WHAT THE EXERCISE ASKS – Print the entire listing below word for word, excluding its pictures.

INFORMATION SUPPLIED –

--

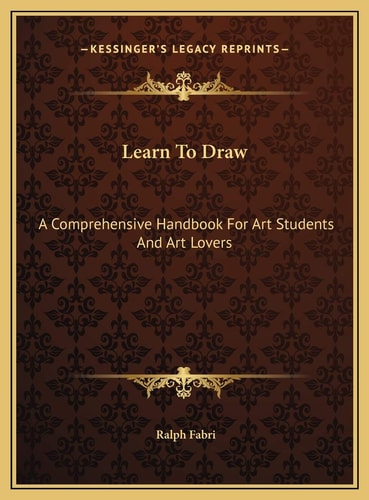 Learn To Draw: A Comprehensive Handbook For Art Students And Art Lovers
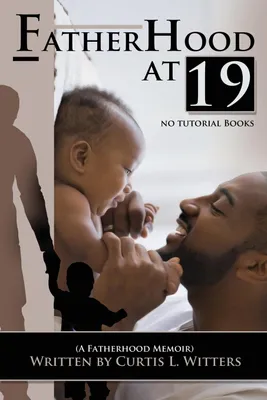 Produktbild von Fatherhood at 19... No Tutorial Books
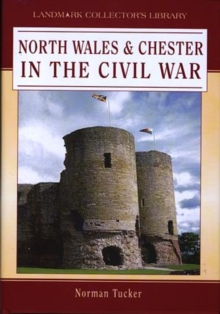 Image for The Civil War in North Wales and Chester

--

RESPONSE –
 Learn To Draw: A Comprehensive Handbook For Art Students And Art Lovers
 Produktbild von Fatherhood at 19... No Tutorial Books
 Image for The Civil War in North Wales and Chester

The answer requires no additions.